I found the wood screws first, and then I made my way to the main aisle that would lead me to the section where I’d find the remainder of my required items. To get there, it was necessary to pass the appliance department. On approach, there was a rather rugged looking fellow who appeared to be guarding multiple flatbeds, each bearing some larger appliances—things like dishwashers and microwave ovens. It was an impressive stash of items he was preparing to purchase. But even with his remarkable train of products, the man himself stood out as most notable in the collection. He was decked in red, white, and blue from top to bottom. Everything on him bore an American flag, from his bandana to his pants. Even his shoes testified to the pageantry. Admittedly, being the patriot that I am, I was impressed, and I felt almost as if I should remove my hat and put my hand over my heart as I passed him.

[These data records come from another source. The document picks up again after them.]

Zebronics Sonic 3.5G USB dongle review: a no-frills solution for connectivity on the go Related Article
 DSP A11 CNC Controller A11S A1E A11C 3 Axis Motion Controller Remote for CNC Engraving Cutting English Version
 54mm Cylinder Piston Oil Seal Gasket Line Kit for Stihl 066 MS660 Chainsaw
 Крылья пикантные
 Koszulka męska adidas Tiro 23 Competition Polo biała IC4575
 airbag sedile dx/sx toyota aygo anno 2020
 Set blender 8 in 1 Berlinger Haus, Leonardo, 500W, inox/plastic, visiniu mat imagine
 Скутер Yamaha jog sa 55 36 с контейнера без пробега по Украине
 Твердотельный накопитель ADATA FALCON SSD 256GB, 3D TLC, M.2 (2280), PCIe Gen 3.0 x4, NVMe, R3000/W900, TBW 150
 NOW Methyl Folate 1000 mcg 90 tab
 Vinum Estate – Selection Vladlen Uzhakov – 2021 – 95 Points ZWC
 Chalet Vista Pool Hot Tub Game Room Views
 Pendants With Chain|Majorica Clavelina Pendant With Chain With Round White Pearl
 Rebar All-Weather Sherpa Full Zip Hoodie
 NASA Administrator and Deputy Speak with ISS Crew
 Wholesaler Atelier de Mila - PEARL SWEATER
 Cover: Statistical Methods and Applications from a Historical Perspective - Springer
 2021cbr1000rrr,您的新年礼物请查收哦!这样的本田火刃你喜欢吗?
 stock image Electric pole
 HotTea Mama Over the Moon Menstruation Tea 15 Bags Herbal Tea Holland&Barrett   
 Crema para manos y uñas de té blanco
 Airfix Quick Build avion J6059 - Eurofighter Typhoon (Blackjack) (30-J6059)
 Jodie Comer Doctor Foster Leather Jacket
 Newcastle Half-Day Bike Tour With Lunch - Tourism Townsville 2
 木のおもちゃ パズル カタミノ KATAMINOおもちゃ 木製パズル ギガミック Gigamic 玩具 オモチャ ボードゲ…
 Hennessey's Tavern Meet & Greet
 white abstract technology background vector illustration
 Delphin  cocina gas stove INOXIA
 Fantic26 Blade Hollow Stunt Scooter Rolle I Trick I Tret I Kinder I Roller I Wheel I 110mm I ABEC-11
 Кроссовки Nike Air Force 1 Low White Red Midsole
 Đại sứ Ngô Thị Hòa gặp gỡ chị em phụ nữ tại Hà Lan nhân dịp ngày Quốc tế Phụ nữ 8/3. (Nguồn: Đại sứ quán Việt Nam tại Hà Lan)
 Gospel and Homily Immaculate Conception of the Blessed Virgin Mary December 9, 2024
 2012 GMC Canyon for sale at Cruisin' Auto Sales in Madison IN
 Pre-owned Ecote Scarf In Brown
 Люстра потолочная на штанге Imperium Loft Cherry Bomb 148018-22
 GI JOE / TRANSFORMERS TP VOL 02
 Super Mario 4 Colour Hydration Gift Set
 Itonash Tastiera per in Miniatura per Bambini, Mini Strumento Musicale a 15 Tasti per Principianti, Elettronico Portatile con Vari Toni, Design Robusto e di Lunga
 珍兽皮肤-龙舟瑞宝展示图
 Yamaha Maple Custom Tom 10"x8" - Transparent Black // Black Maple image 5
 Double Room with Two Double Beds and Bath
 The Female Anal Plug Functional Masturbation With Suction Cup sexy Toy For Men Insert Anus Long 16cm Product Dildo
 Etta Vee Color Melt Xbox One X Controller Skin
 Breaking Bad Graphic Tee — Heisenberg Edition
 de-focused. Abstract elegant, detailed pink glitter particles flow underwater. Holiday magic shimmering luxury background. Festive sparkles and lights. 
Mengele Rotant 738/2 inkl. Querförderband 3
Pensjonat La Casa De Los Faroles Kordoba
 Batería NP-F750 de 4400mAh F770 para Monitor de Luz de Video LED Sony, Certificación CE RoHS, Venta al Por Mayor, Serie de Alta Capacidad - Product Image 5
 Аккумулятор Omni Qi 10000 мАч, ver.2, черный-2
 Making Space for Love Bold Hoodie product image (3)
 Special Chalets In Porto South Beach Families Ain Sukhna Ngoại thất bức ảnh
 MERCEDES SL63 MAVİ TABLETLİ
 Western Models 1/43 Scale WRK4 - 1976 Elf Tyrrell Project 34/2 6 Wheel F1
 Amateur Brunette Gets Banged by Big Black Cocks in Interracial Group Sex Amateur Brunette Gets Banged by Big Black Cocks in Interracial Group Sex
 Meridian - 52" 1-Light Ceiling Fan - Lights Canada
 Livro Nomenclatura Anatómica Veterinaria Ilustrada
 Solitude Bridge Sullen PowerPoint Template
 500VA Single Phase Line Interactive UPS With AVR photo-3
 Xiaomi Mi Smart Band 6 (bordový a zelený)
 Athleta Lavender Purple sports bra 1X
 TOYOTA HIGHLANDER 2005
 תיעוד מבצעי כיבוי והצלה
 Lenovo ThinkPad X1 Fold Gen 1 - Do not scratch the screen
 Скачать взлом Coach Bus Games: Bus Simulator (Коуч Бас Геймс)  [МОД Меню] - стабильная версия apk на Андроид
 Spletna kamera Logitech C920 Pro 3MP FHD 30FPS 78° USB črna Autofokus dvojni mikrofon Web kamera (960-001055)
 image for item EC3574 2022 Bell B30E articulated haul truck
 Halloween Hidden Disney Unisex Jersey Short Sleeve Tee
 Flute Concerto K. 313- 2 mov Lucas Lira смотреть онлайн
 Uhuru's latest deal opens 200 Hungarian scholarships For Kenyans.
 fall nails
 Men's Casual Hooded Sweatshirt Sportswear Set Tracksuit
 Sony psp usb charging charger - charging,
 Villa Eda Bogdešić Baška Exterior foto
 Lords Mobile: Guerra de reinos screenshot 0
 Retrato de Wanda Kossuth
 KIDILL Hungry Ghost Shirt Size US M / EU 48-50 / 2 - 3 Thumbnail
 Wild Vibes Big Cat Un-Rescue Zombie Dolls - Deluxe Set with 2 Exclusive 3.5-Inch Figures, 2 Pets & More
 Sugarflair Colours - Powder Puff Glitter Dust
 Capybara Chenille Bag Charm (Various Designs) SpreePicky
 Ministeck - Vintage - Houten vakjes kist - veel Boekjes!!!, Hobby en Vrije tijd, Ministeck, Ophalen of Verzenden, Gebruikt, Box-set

But I didn’t, and that’s because as I made my way toward him, I could more than tell that he’d locked onto me with a stare. Having forgotten what was on the t-shirt I was wearing, I didn’t know why, at least not until he spoke.
“Nice shirt,” he intoned sarcastically. I smiled and kept my passing pace. But then he added, “Ashamed of your own flag, friend?”
Now, I suppose most folks would probably just have allowed the man his space and kept walking, relegating his rudeness to the obvious fact that he was more so zealous about the American flag than most. But still, I was a bit irritated, and I certainly didn’t feel like explaining to him that I’m not ashamed of my country’s flag. I love America. But I also love the freedom I have to wear my England t-shirt while working on my home. Still, what I did next, I suppose, could get me into trouble one day, and not just because I frequent this Home Depot fairly regularly, but because there’s always that chance that this guy might wander into Our Savior one day, and when he discovers me in the pulpit, things could get interesting pretty quickly.
Anyway, as immediately as he spoke, I turned and offered in my best British accent something like, “Oy, mate! It’s ’ard enough I’ve to drive my motorcar on the wrong side o’ the road, but must I also be coerced into ’splaining my shirt?!”
As you can probably guess, I didn’t stick around long. Although, I stayed long enough to note that the surprise on his face was worth at least a couple of quid.
Returning to my previous pace, I continued my quest. I didn’t want to continue the engagement because if I found myself drawn into an actual conversation, one in which I’d have to keep the charade alive, he would’ve eventually noticed that I can’t keep the accent going for too long before it devolves into something more attuned to an Australian trying to sound Jamaican.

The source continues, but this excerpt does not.